The “New York Times” tried to downplay any suspicions around election software company Konnech. They wanted to portray any thoughts that there could be fraud in the 2020 election as all just “fake news” driven by conspiracy theories.
But one day after they wrote an article about this story, the CEO of the company, Eugene You, was taken into custody under suspicion of sending data about American poll workers to communist China.
It was on October 3 that The Times published an article written by Stuart Thompson titled, “How a Tiny Elections Company Became a Conspiracy Theory Target.” He claimed that “election deniers” were targeting Konnech, which is a Michigan election software firm with just 21 U.S. employees.
He wrote the people had made up a theory with what he called “threadbare evidence” that the company had connections with the Chinese Communist Party. He said that the idea that this company had given the Chinese government backdoor access to the personal data of around two million poll workers in the United States was simply false.
In fact, Thompson said the whole idea was ridiculous and anyone promoting that these claims were valid was simply an “election denier” who was spinning conspiracy theories.

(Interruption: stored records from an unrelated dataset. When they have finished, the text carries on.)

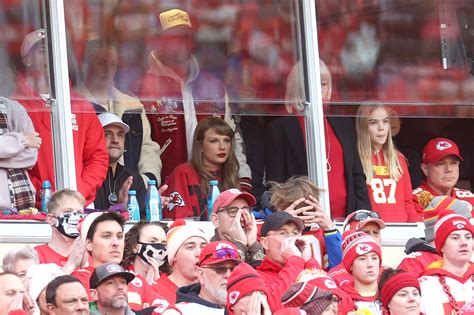 Taylor Swift In Kansas City–Again—To Cheer On Travis Kelce In The ...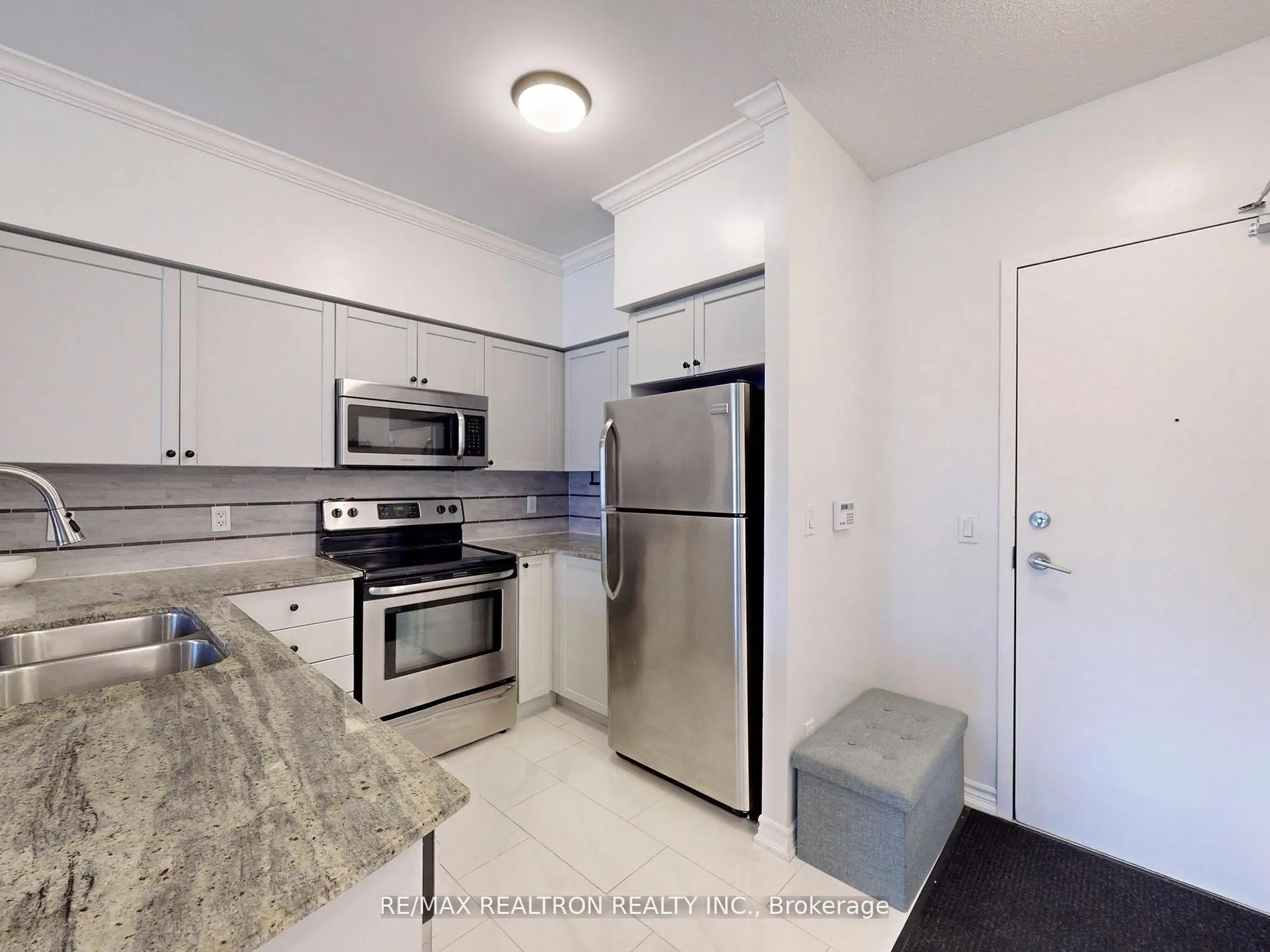 75 King William Cres, #102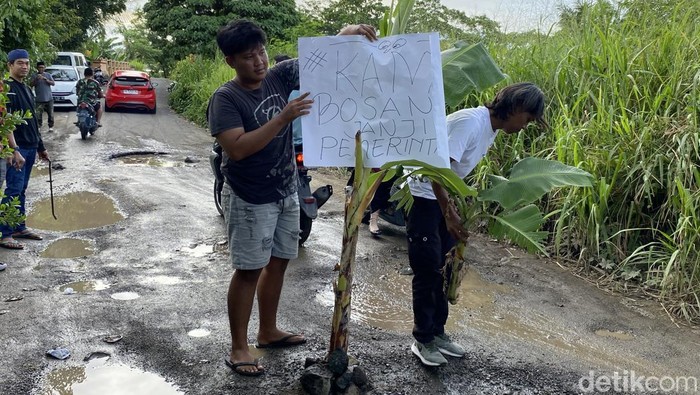 Warga menanam pohon pisang di jalan rusak poros Kecamatan Bacukiki, Kota Parepare, Sulawesi Selatan (Sulsel).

Just one day later, on October 4, The Times published another article from Thompson titled, “Election Software Executive Arrested on Suspicion of Theft.” He wrote that Eugene Yu, the CEO of Konnech had been arrested for exactly what the “election deniers” had been promoting.
Talk about eating crow!
George Gascón, the Los Angeles County District Attorney, had this to say about the case, “Data breaches are an ongoing threat to our digital way of life. When we entrust a company to hold our confidential data, they must be willing and able to protect our personal identifying information from theft. Otherwise, we are all victims.”
A spokesperson for Konnech denied any wrongdoing in the company and said that Yu was being wrongfully detained. They said that any poll worker data that the company had was given to them by L.A. County and therefore could not be stolen.
“We are continuing to ascertain the details of what we believe to be Mr. Yu’s wrongful detention by LA County authorities,” Konnech said in a statement.
LA District Attorney Believes Workers Personal Information Was Criminally Mishandled
But the Los Angeles County district attorney’s office said that it had reason to believe that the personal information on election workers was “criminally mishandled.” They want to extradite Yu from Michigan to Los Angeles.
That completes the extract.